By ANN ZANIEWSKI Detroit Free Press
HOWELL, Mich. -- A man whose wife died less than a month ago in the fungal meningitis outbreak linked to tainted steroids is now battling meningitis himself, after initial tests indicated he did not have the disease.
George Cary, 65, of Howell, fell ill this past weekend during an out-of-town business trip, said his daughter Jill Bloser of Mt. Pleasant, S.C.
"I was truly shocked. I really didn't think he was going to have it, because of how much time has passed" since he received the Sept. 17 injection, she said. "I really thought he was in the clear."
Bloser said her father is doing well, even joking with the nurses at the Michigan hospital where he's now being treated.
Cary and his wife, Lilian, 67, both received injections for pain at Michigan Pain Specialists in Brighton. Lilian Cary got the shots in August and fell ill weeks later. She suffered a stroke in her brainstem Sept. 22 and died Sept. 30.
Around Oct. 12, Cary was told that spinal tap results showed he did not have meningitis. But he was also told he might need another test in a few weeks, as symptoms can take weeks or even months to develop.
Bloser said her father, an environmental and safety engineer, began experiencing chills and aches a day or two before flying out Friday for an out-of-state business trip.
"Friday night going into Saturday, he started with the more severe symptoms," Bloser said. "Severe headaches, severe neck pain, light sensitivity, pain behind his eyes. His motor skills started to deteriorate where he was not speaking clearly."
Cary called 911 from his hotel Saturday night and was admitted to a hospital. He was treated there before flying back home to Michigan on Tuesday. That night, he was admitted to an undisclosed hospital.
"He is very positive," Bloser said. "He is joking with the nurses. He sounds good, and he feels pretty good. I know he's tired."
Bloser said that though her father has meningitis, doctors are still running tests to determine whether it is fungal meningitis. He is being treated with strong anti-fungal medications, she said.

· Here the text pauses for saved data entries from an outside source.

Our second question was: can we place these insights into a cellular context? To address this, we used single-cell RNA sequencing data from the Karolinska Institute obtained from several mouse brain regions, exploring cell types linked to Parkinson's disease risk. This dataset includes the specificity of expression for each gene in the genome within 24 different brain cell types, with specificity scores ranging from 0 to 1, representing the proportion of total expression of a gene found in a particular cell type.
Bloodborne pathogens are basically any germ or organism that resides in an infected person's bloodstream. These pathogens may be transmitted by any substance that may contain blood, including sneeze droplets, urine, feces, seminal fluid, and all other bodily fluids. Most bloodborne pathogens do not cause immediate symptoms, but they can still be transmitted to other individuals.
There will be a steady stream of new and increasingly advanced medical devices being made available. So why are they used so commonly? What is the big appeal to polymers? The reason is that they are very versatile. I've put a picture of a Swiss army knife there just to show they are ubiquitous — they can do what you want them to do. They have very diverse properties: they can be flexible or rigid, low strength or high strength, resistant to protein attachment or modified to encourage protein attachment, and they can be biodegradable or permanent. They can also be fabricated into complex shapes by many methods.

"I'm definitely worried about him," Bloser said. "But I know he's strong, and he's getting very good care where he is. I have a lot of faith in the doctors."

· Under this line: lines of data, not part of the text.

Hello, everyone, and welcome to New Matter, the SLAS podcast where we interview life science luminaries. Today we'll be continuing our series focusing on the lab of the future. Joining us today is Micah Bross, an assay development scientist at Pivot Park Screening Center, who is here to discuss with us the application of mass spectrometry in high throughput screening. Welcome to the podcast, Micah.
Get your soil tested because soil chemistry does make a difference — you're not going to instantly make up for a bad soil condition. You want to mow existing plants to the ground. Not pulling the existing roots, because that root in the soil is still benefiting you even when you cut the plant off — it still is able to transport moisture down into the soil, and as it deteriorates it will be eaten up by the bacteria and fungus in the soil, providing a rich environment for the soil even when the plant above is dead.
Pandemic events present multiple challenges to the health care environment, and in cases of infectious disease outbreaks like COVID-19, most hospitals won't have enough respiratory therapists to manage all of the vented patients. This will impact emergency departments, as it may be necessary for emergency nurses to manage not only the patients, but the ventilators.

The tainted injections have been tracked to 17,000 vials of preservative-free methylprednisolone acetate from the New England Compounding Center in Massachusetts.
The Michigan Department of Community Health has contacted 1,900 people who were given the suspect injections at four Michigan clinics. Michigan Pain Specialists said it treated about 875 people with the steroid between Aug. 7 and Oct. 2.
As of Wednesday, Michigan had 73 reported cases of illnesses linked to the steroid, including five deaths. A sixth Michigan resident also died, but her meningitis was linked to treatments she received in Indiana. Nationwide, 24 people have died, and more than 300 have been sickened.
A number of lawsuits have been filed by people who have fallen ill in the outbreak, and the U.S. Food and Drug Administration has launched a criminal investigation.